# Task brief
Could the lines from the line bearing "NB Ava1500-60-1p Height" to the end of the records below be copied exactly, with the pictures left out and no other lines added?

─── Source records ───

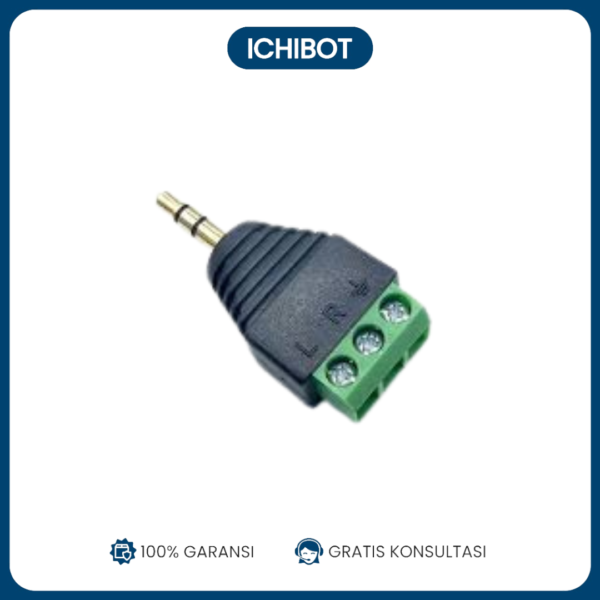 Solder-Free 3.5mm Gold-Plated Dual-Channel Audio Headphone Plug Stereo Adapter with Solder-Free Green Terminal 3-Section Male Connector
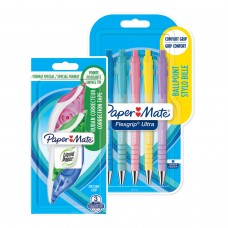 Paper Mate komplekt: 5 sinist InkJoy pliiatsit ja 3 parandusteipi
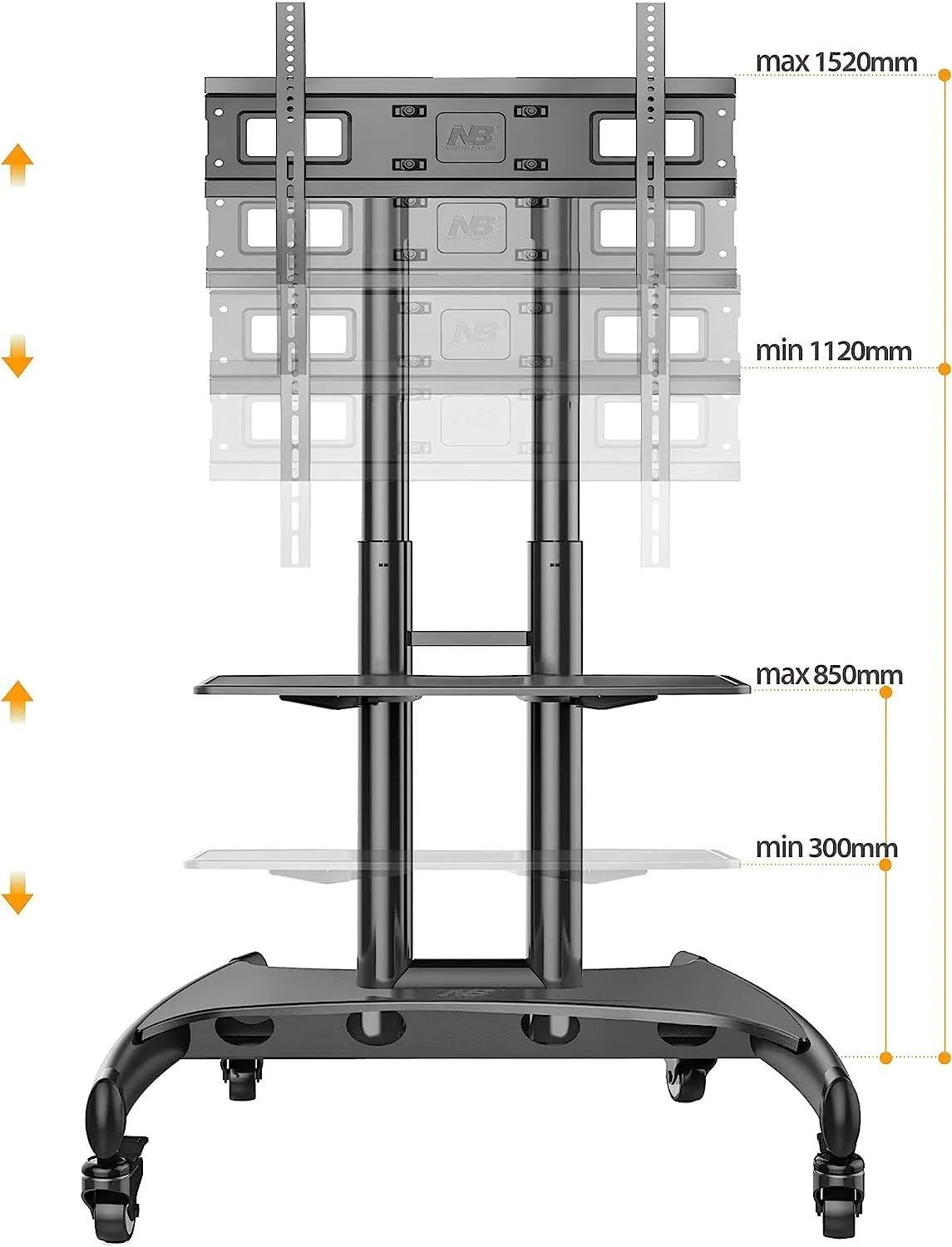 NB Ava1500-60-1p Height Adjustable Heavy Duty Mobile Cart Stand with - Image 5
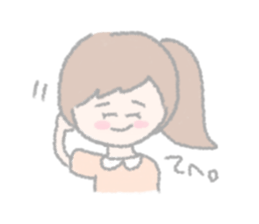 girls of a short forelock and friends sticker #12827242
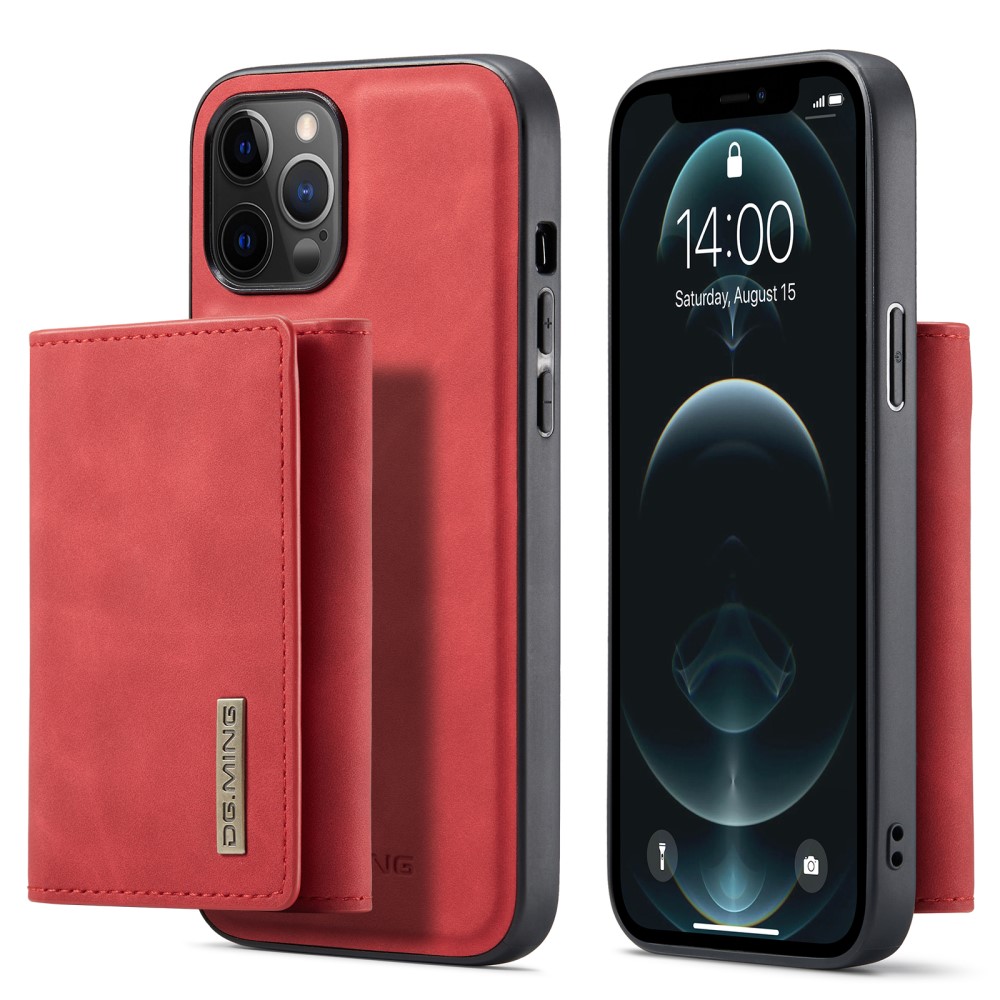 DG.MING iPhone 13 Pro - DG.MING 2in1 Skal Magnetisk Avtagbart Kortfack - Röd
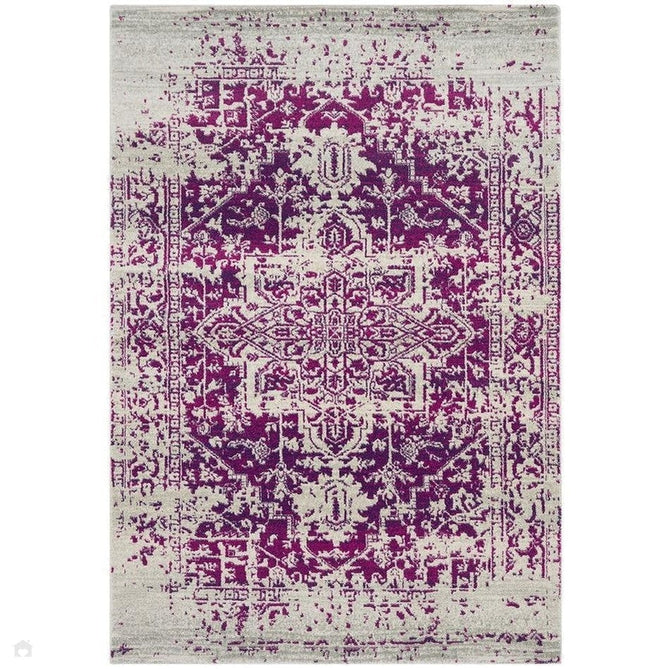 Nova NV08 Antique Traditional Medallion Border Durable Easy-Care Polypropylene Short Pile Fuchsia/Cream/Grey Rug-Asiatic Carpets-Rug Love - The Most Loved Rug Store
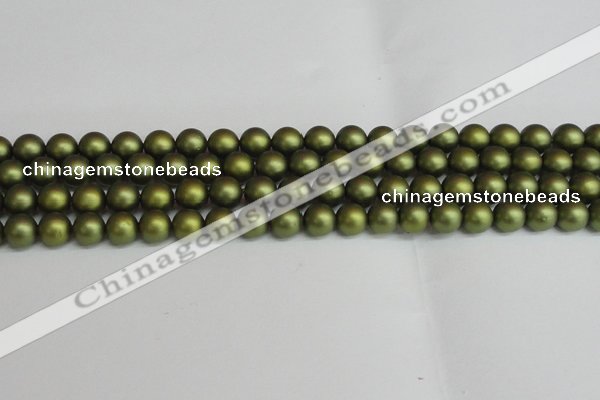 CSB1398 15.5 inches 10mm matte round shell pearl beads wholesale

───

# Result for this task
 NB Ava1500-60-1p Height Adjustable Heavy Duty Mobile Cart Stand with - Image 5
 girls of a short forelock and friends sticker #12827242
 DG.MING iPhone 13 Pro - DG.MING 2in1 Skal Magnetisk Avtagbart Kortfack - Röd
 Nova NV08 Antique Traditional Medallion Border Durable Easy-Care Polypropylene Short Pile Fuchsia/Cream/Grey Rug-Asiatic Carpets-Rug Love - The Most Loved Rug Store
 CSB1398 15.5 inches 10mm matte round shell pearl beads wholesale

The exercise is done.